5.2.4. Dessa forma, não teria vislumbrado a necessidade de refazer o quadro anexo, quando do encaminhamento da CI/CSA/DEPAS-1045/2003 em substituição a CI/CSA/DEPAS-1002/2003, conforme mencionado no subitem 10 do relatório.

5.2.5. Posteriormente, foi proposta pelo DEPAS a alteração da velocidade do equipamento de 110 para 100 ppm, a pedido da CPL, em decorrência de recursos apresentados pelas empresas Panacopy e Simpress, na fase pública da licitação. A concordância foi feita pela CI/CSA/DEPAS-039/2004 (fls. 85 anexo 4) e visava não só a aumentar a competitividade, mas também a possibilidade de reduzir custos dos serviços, sem que houvesse perda significativa da qualidade técnica e da capacidade de produção do equipamento sempre com foco no interesse público (subitens 11, alínea “a” e 19 do Relatório de auditoria, fls. 03 e 05, vol. principal).

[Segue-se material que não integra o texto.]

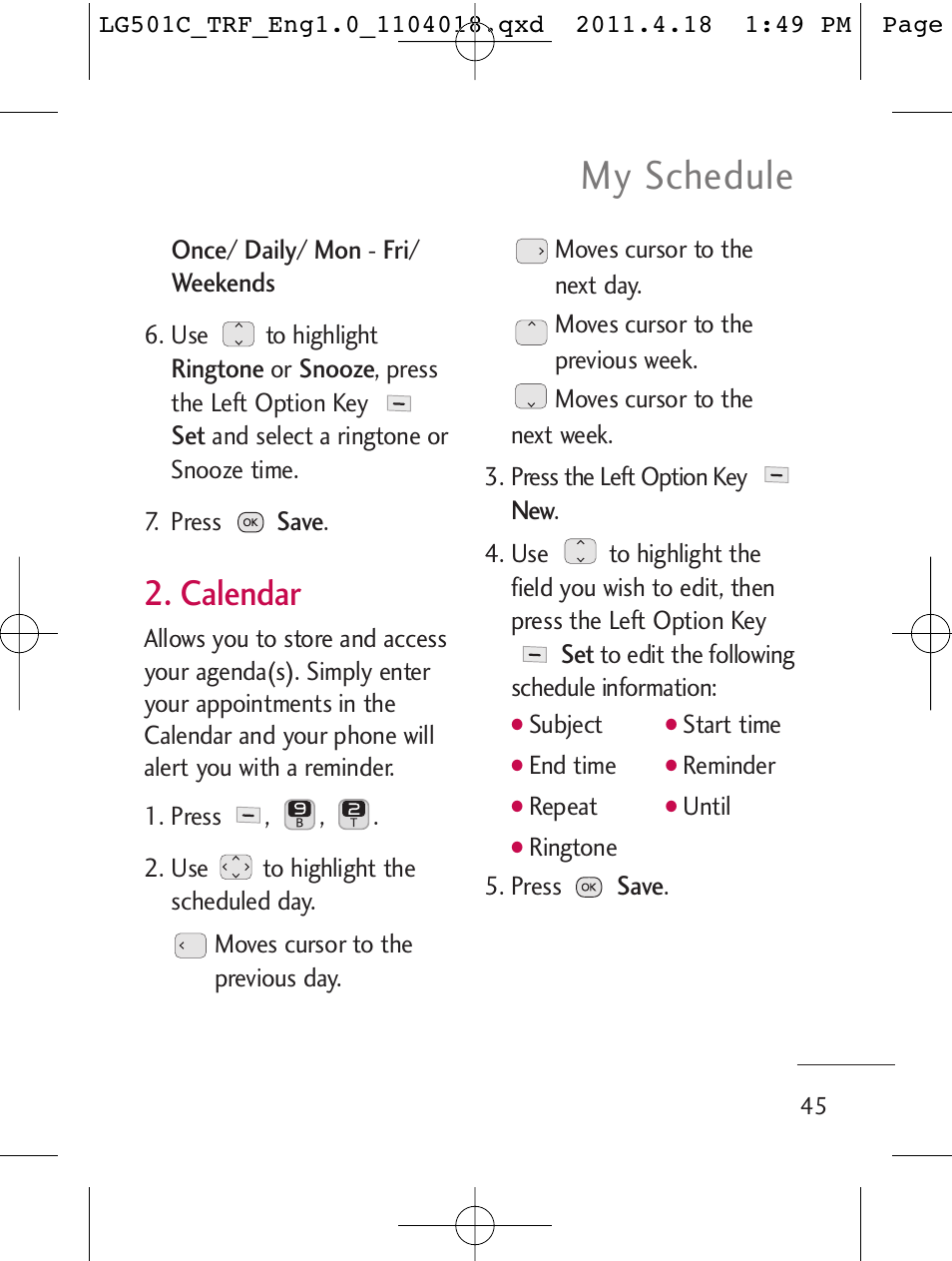 My schedule, Calendar | LG LG501C User Manual | Page 45 / 104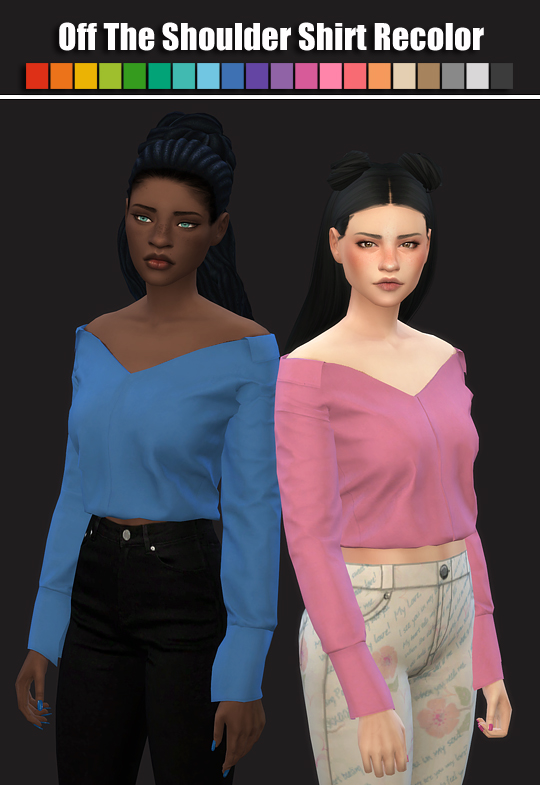  Simsworkshop: Off The Shoulder Shirt Recolor by maimouth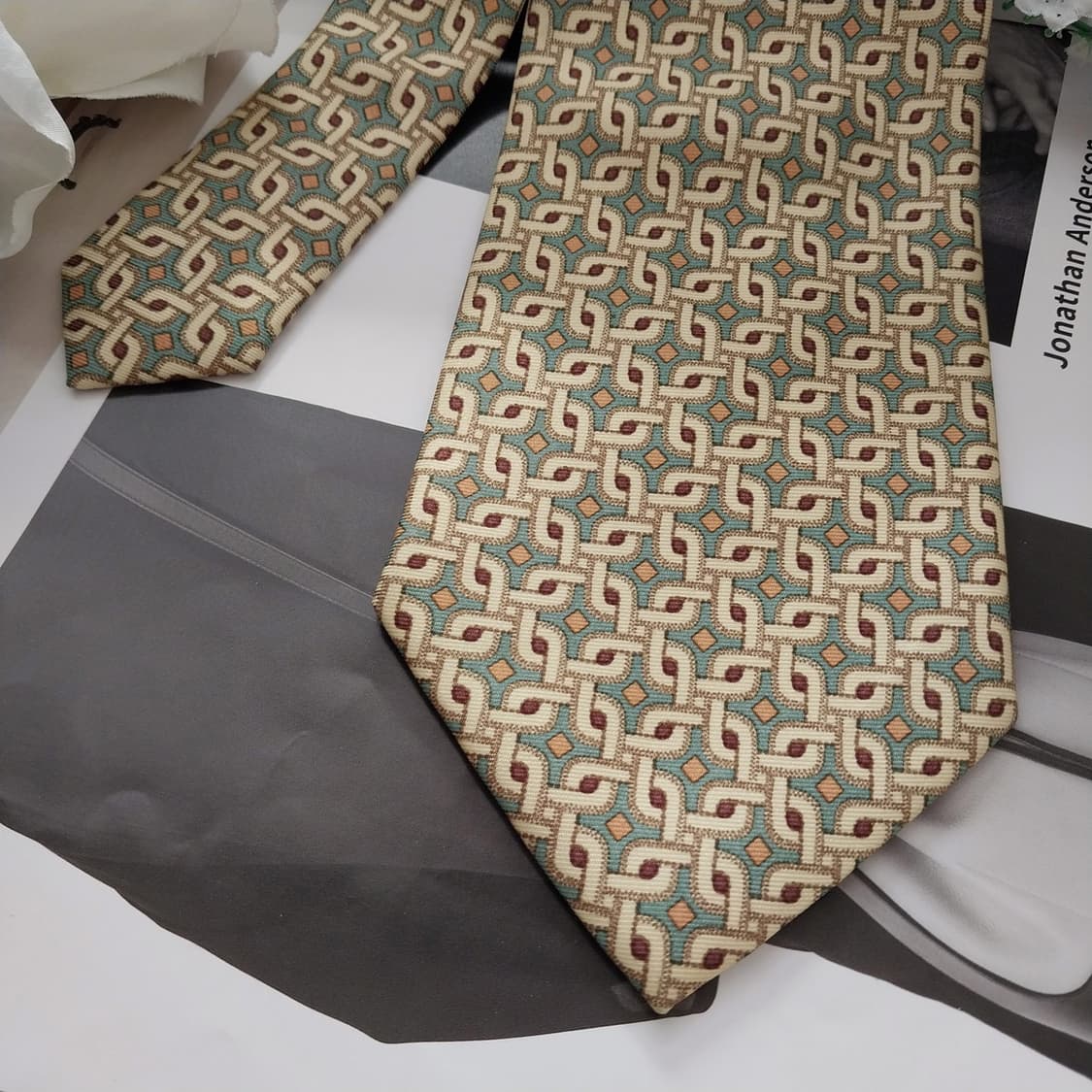 안젤로 빌로레세 실크 기하 패턴 넥타이 9.7cm A+~A등급 K1312 상품이미지4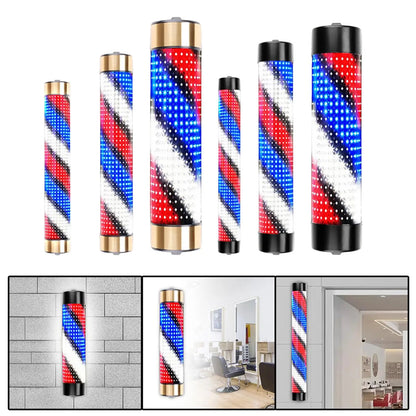 Rotating Barber Rod Lights Barber Shop Pole Waterproof Hair Salon Indoor Neon Signs Wall Mounted Hairdressing Stripes Lights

5.2.6. Considerando que houve a participação de duas empresas no processo de lances – Xerox e CNC -, que foi dada à devida publicidade pela CPL, principalmente com relação à alteração da velocidade de 110 para 100 ppm, e que a empresa CNC apresentou proposta na licitação no valor de R$ 90,00/milheiro, o responsável refuta as considerações do relatório de que não houve competição no processo e que a alteração da velocidade prejudicou o desenvolvimento do processo, no que se refere à desconsideração da proposta da CNC na pesquisa de preços.

5.2.7. Em adição, esclarece que a exigência final do Edital era de equipamento com, no mínimo, 100 ppm, ou seja, não tinha que ser exatamente com 100 ppm. Logo, a empresa que cotou 100, 115 ppm ou acima não necessariamente deveria substituir sua proposta com a nova especificação, já que sua proposta atenderia ao Edital e, nem sempre, a licitante iria dispor de outro produto para oferecer.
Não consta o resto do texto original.